Exercise instructions - The listing below holds a line with "0.96 Carat Genuine" and a line with "Face-framing layers starting". Reproduce those two lines exactly, plus everything between them.

Dataset excerpts -
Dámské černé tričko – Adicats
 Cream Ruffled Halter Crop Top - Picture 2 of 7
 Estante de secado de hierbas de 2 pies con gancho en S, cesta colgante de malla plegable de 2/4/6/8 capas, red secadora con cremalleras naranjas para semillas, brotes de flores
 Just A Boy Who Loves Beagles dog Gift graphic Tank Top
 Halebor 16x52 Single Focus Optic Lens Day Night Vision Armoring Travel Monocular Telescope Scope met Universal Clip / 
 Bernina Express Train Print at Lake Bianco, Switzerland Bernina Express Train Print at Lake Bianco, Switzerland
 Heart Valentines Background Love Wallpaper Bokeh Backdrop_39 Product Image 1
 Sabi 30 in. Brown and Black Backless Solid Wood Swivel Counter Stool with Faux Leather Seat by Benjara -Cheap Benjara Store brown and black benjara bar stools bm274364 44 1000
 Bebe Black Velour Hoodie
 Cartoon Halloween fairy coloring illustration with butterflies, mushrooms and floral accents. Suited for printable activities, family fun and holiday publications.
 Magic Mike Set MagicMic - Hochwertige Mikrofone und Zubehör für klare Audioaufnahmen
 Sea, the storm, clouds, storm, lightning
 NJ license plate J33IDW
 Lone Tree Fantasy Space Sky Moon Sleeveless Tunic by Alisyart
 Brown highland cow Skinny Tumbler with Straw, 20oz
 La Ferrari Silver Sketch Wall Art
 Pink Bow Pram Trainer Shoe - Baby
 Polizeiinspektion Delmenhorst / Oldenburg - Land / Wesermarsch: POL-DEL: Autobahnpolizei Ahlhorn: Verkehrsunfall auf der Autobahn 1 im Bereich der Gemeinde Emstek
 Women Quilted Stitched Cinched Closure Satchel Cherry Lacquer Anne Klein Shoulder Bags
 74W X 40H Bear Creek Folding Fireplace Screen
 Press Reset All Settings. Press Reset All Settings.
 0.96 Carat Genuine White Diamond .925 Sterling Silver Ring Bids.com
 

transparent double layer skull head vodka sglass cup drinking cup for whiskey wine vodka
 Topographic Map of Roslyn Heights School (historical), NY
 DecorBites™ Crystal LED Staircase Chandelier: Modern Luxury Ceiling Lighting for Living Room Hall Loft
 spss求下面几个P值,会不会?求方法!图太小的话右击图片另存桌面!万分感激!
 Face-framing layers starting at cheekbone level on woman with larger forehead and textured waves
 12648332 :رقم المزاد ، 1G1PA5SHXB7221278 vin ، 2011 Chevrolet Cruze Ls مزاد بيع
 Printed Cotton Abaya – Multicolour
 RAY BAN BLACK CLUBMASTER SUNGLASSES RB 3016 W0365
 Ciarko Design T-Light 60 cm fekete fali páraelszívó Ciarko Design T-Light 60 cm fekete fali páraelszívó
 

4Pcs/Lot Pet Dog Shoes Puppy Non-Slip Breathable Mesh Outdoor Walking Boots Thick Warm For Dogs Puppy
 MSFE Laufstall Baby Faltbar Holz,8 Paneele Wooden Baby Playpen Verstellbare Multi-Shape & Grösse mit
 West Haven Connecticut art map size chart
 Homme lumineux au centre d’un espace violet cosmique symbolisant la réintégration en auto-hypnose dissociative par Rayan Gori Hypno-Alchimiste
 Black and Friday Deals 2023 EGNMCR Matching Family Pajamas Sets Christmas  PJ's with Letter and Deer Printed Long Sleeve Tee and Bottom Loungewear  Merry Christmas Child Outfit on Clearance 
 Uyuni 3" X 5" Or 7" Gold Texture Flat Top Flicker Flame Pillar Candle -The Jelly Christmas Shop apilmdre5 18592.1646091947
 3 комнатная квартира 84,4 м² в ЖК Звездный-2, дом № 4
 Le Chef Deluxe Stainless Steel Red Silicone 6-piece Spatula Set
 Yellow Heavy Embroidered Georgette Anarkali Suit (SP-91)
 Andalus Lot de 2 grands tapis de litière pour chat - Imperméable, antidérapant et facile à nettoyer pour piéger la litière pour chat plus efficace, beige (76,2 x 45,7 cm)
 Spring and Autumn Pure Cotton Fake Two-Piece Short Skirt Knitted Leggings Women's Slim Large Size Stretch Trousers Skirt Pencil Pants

Exercise result -
 0.96 Carat Genuine White Diamond .925 Sterling Silver Ring Bids.com
 

transparent double layer skull head vodka sglass cup drinking cup for whiskey wine vodka
 Topographic Map of Roslyn Heights School (historical), NY
 DecorBites™ Crystal LED Staircase Chandelier: Modern Luxury Ceiling Lighting for Living Room Hall Loft
 spss求下面几个P值,会不会?求方法!图太小的话右击图片另存桌面!万分感激!
 Face-framing layers starting at cheekbone level on woman with larger forehead and textured waves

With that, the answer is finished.